Going forward, ESRT President Christina Chiu said the company will still “monitor shifts in demand” and be “prepared to go on offense” amid the “uncertain” political environment.
“We are balancing against an environment that’s highly uncertain,” Chiu said during the call. “Within that uncertain backdrop, there could also be more potential investment opportunities, and we want to be prepared to be able to go on offense if those opportunities arise.”
ESRT also saw a dip in earnings during the first quarter, with a net income of $9.2 million, or 5 cents per share, compared to $11.2 million, or 7 cents per share, during the fourth quarter, the report said.
However, things seem relatively good on the office, retail and multifamily front for ESRT, despite slight drops in numbers.

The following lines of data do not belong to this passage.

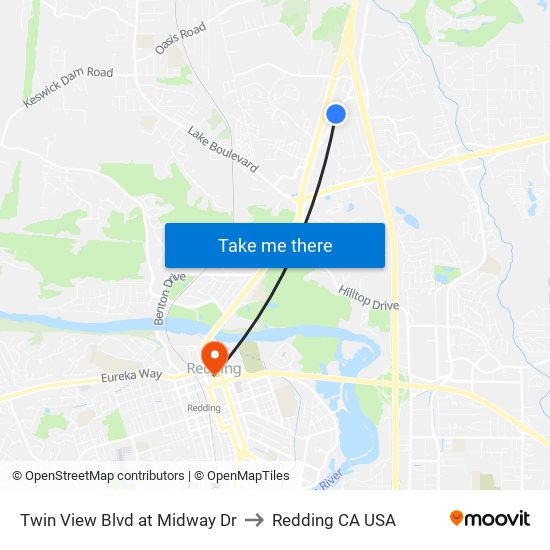 Twin View Blvd at Midway Dr to Redding CA USA map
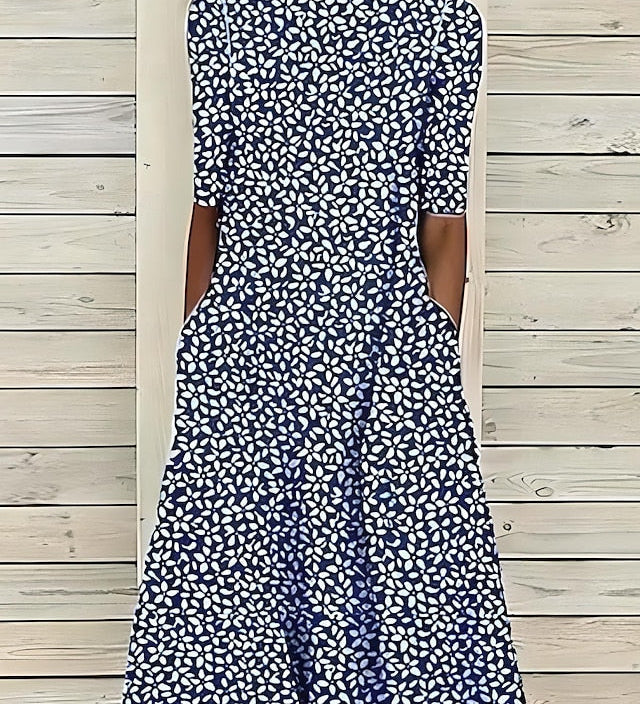 Marina | Robe midi fluide avec imprimé floral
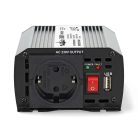 Inverter módosult szinuszhullám | Bemeneti feszültség: 12 V DC | Eszköz táp kimeneti csatlaakozó(k): Type F (CEE 7/3) / USB-A | 230 V AC 50 Hz | 300 W | Kimenő csúcs teljesítmény: 600 W | Akkumulátorsaruk + Szivargyújtó | Ezüst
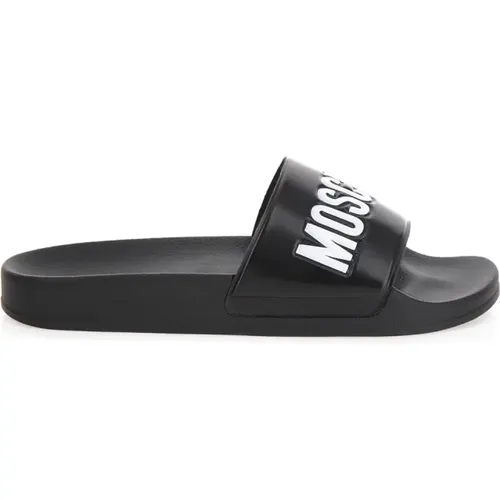 Schwarze Logo Gummi Pool Slides , Herren, Größe: 45 EU - Moschino - Modalova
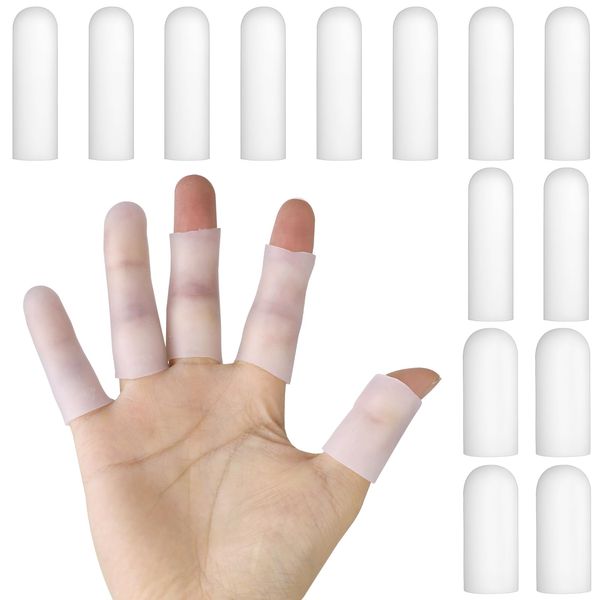 Thinp 14 Pcs Silicone Finger Cots,Finger Protectors Finger Bandage Waterproof Finger Protector Finger Sleeves for Relief from Pain of Finger Tips Cracked Arthritis Finger Cracking Friction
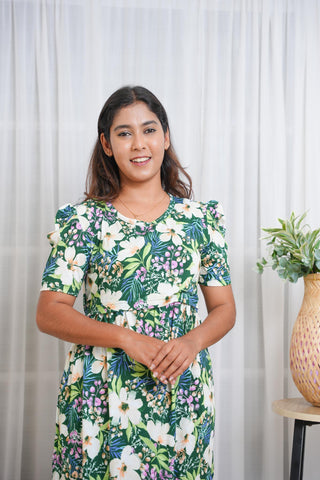 GREEN FLORAL BLOOM | ZIPLESS MATERNITY MAXI-PUFF SLEEVES | FULL LENGTH MAXI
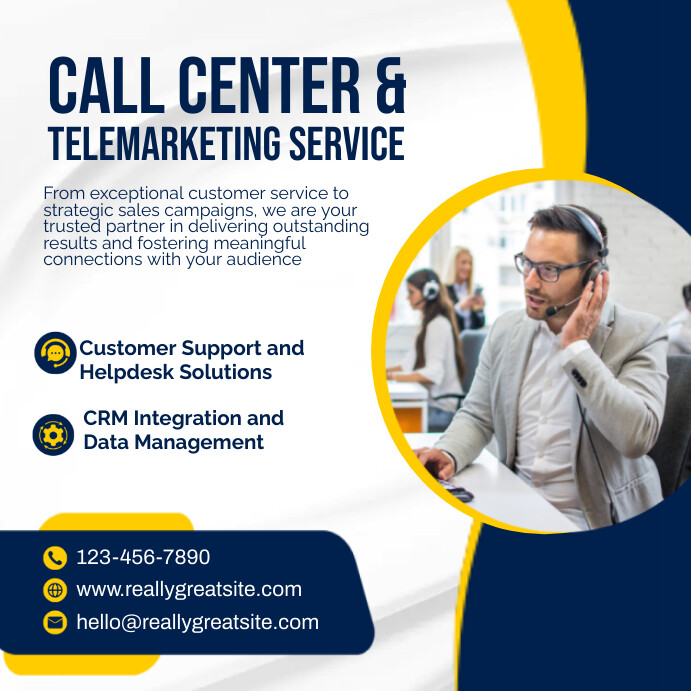 White Maximalist Call Center Flyer Poster Ins Template | PosterMyWall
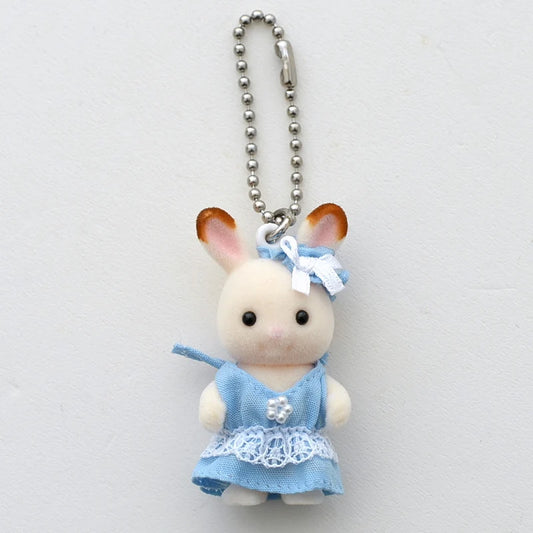 Calico Critters Bluebell Chocolate Rabbit Baby Keychain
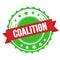 COALITION text on red green ribbon stamp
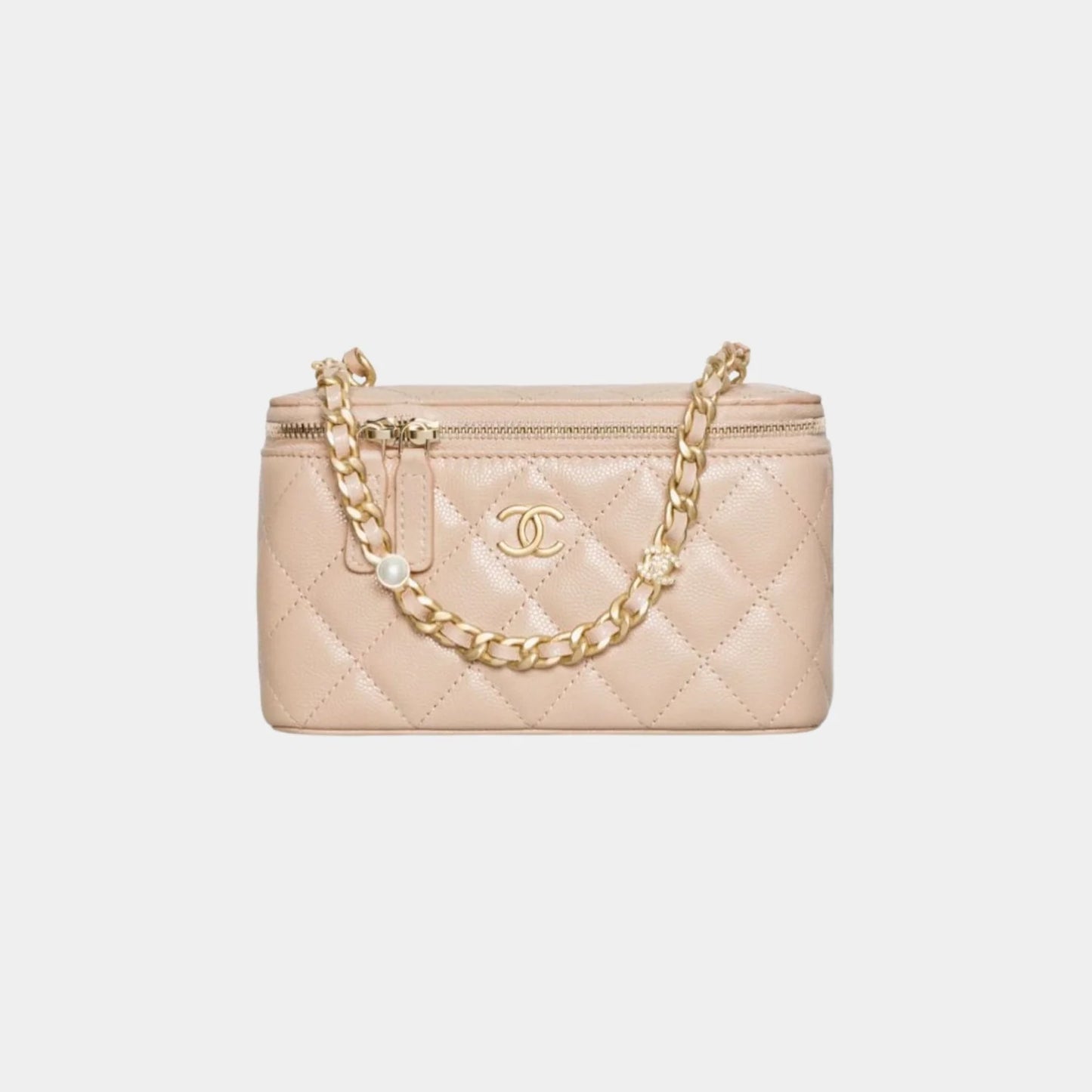 Chanel Vanity with Gold-Tone Chain in Grained Shiny Calfskin - Beige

The real estate investment trust signed approximately 229,000 square feet of office leases during the first quarter, a decrease from the approximately 379,000 square feet signed during the fourth quarter of 2024, as Commercial Observer previously reported.
ESRT’s Manhattan office portfolio ended the first quarter at 93 percent leased, down from 94.2 percent at the end of the fourth quarter — a dip that the company said it saw coming since many of its tenants’ move-outs were scheduled for the beginning of this year, Thomas Durels, ESRT’s executive vice president of real estate, said during a Wednesday earnings call.
But ESRT said its leasing momentum has not slowed under current political policies. In fact, the REIT has 160,000 square feet of office leases currently in negotiation, Durels said.
“In the last 60 days, we have noticed absolutely no change in any of our lease negotiations underway with any tenant throughout our entire portfolio,” Durels said. “I think that’s quite remarkable.”
Notable office leases for ESRT during the first quarter include financial and business consulting firm Gerson Lehrman Group’s 77,382-square-foot renewal at One Grand Central Place; human resource and finance management firm Workday’s renewal and expansion for 39,069 square feet at the Empire State Building; and luxury fashion brand Carolina Herrera’s expansion to roughly 34,000 square feet at 501 Seventh Avenue.
As for retail storefronts, ESRT’s retail portfolio ended the first quarter at 94 percent leased, mainly thanks to its purchase last year of $221 million worth of retail properties along North Sixth Street in Williamsburg, Brooklyn.
The landlord’s North Sixth Street portfolio — which includes prime retail tenants such as Google, Warby Parker, The North Face and Nike — has one vacant, roughly 2,4000-square-foot unit left, ESRT said.
In addition, ESRT’s multifamily portfolio, which comprises a total of 732 residential units, was 99 percent leased by the end of the first quarter, according to the earnings report.